Let’s review: one individual, Representative Ilhan Omar (D-Minn.), consistently minimizes terrorism while condemning efforts to combat it. Prior to coming to Congress, she wrote to a judge to request leniency for a man convicted on terrorism-related charges. She laughed in an interview when discussing how a professor’s reaction to mentions of al-Qaeda or Hezbollah differed from when America or England were mentioned.

And during a speech on behalf of a group created at the behest of the Muslim Brotherhood, she expressed an offhand dismissal of the worst act of terrorism in U.S. history.
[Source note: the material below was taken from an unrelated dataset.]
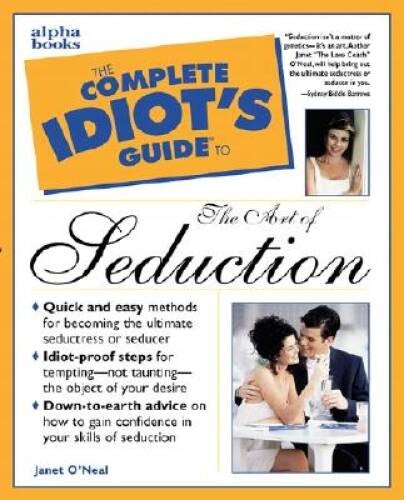 The Complete Idiots Guide to the Art of Seduction – Paperback – GOOD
A second individual, President Donald Trump, tweeted a video of her comment alongside images of the horrific act of terrorism to which she referred, pointing out how callous it was to brush off that traumatic event as “some people did something.”

Without question, one of these two individuals made comments “designed to incite hatred” that are putting “life at risk.” But according to leading Democrats, that person would be the president and not Omar. One could hardly look for a better example of the inversion of morality, and of hater and hated.

The more one studies her remarks, objectively and in full context, the more obvious it becomes that Ilhan Omar is a bigot of the most vile sort. Her “some people did something” speech was a whitewash of the Council on American-Islamic Relations (CAIR), which she claimed was founded after 9/11 to protect Muslim-Americans from Islamophobia. In reality, CAIR was founded in 1994, long before 9/11. Its goal was not to defend the rights of Muslims, but to promote the ideology of the Muslim Brotherhood and thus offer indirect support for global terrorism.

Because the United States looks narrowly at the proven activities of each individual organization, the federal government does not classify CAIR as a terrorist organization. But the United Arab Emirates looks at the broader ecosystem behind the Muslim Brotherhood, and on that basis, it does so characterize CAIR. That is the group Omar portrayed as a civil rights organization.

Her characterization of Jews as a secret cabal hiding its evil from a gullible world, using ill-gotten gains to buy influence and control, is by no means original. It is without question the single most dangerous, murderous lie in world history. Yet, after her latest go-round with this same sad canard, Democrats found themselves unable to condemn it—instead producing a hopelessly weak resolution that listed Pacific Islanders before Jews on its list of those targeted by hate.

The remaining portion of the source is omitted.